### YOUR ASSIGNMENT
Each entry must be returned exactly. None may be omitted.

*** Opening AVAILABLE RECORDS ***

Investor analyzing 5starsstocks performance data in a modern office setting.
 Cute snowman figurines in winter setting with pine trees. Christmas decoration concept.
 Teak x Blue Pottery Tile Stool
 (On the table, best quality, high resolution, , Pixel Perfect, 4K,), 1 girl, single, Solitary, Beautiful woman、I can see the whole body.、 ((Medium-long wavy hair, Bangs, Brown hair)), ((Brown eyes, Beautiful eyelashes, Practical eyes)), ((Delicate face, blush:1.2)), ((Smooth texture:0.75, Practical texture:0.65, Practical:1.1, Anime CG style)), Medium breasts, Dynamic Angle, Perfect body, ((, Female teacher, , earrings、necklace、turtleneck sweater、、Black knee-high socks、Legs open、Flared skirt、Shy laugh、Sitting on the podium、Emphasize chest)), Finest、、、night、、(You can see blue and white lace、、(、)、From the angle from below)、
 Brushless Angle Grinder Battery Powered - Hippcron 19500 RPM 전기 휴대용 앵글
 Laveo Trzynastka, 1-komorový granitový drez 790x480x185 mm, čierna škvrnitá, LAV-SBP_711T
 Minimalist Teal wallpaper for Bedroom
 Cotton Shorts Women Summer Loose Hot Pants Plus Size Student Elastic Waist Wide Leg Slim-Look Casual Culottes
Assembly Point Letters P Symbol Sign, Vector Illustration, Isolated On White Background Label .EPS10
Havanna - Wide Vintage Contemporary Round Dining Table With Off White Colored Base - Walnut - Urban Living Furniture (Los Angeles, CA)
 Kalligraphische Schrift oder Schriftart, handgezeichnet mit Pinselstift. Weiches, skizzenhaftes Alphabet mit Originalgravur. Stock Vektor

*** Closing AVAILABLE RECORDS ***

### SOLUTION TO THIS PROBLEM
Investor analyzing 5starsstocks performance data in a modern office setting.
 Cute snowman figurines in winter setting with pine trees. Christmas decoration concept.
 Teak x Blue Pottery Tile Stool
 (On the table, best quality, high resolution, , Pixel Perfect, 4K,), 1 girl, single, Solitary, Beautiful woman、I can see the whole body.、 ((Medium-long wavy hair, Bangs, Brown hair)), ((Brown eyes, Beautiful eyelashes, Practical eyes)), ((Delicate face, blush:1.2)), ((Smooth texture:0.75, Practical texture:0.65, Practical:1.1, Anime CG style)), Medium breasts, Dynamic Angle, Perfect body, ((, Female teacher, , earrings、necklace、turtleneck sweater、、Black knee-high socks、Legs open、Flared skirt、Shy laugh、Sitting on the podium、Emphasize chest)), Finest、、、night、、(You can see blue and white lace、、(、)、From the angle from below)、
 Brushless Angle Grinder Battery Powered - Hippcron 19500 RPM 전기 휴대용 앵글
 Laveo Trzynastka, 1-komorový granitový drez 790x480x185 mm, čierna škvrnitá, LAV-SBP_711T
 Minimalist Teal wallpaper for Bedroom
 Cotton Shorts Women Summer Loose Hot Pants Plus Size Student Elastic Waist Wide Leg Slim-Look Casual Culottes
Assembly Point Letters P Symbol Sign, Vector Illustration, Isolated On White Background Label .EPS10
Havanna - Wide Vintage Contemporary Round Dining Table With Off White Colored Base - Walnut - Urban Living Furniture (Los Angeles, CA)
 Kalligraphische Schrift oder Schriftart, handgezeichnet mit Pinselstift. Weiches, skizzenhaftes Alphabet mit Originalgravur. Stock Vektor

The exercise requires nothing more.